[Captioned web image data]

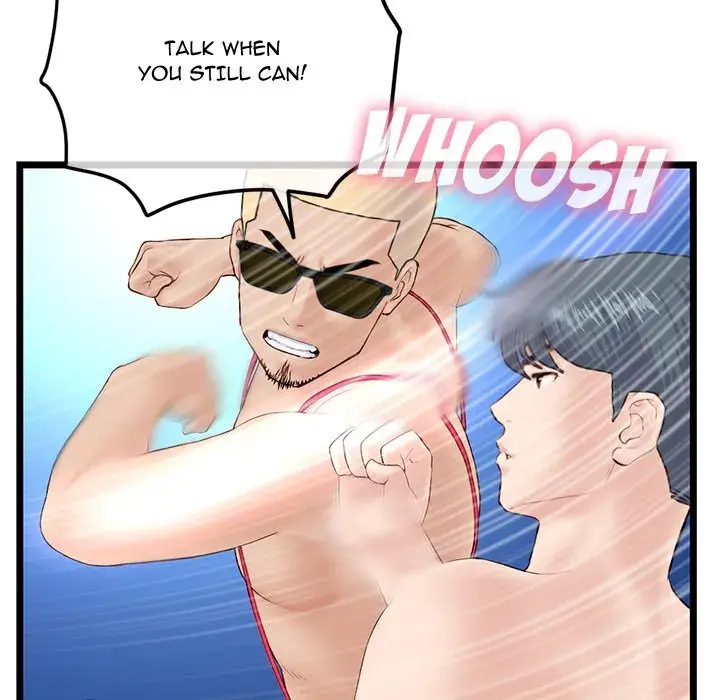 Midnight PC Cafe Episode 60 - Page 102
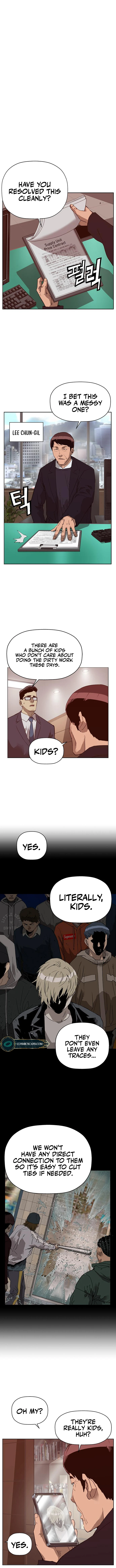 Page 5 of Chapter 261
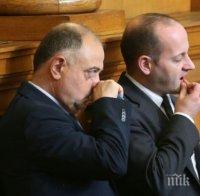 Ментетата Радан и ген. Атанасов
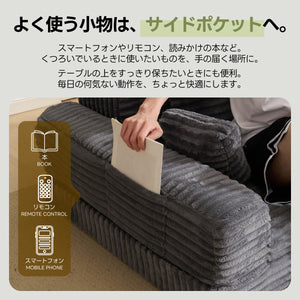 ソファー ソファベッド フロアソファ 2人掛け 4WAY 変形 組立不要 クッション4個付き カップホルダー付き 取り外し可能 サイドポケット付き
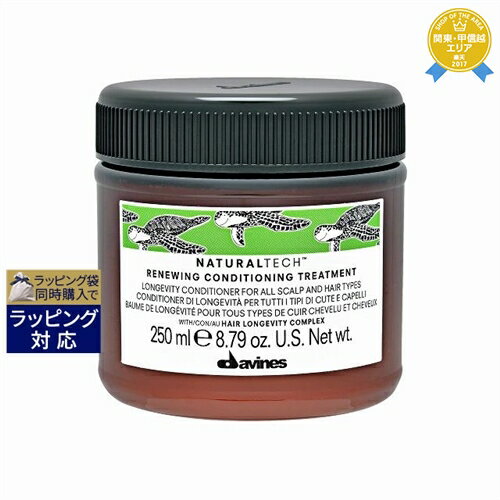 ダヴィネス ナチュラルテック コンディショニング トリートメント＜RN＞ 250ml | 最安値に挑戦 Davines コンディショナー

### PROBLEM DESCRIPTION:
Nothing but the pictures may be dropped; output the records above exactly.

### RESULT FOR THIS TASK:
 Midnight PC Cafe Episode 60 - Page 102
 Page 5 of Chapter 261
 Ментетата Радан и ген. Атанасов
 ソファー ソファベッド フロアソファ 2人掛け 4WAY 変形 組立不要 クッション4個付き カップホルダー付き 取り外し可能 サイドポケット付き
 ダヴィネス ナチュラルテック コンディショニング トリートメント＜RN＞ 250ml | 最安値に挑戦 Davines コンディショナー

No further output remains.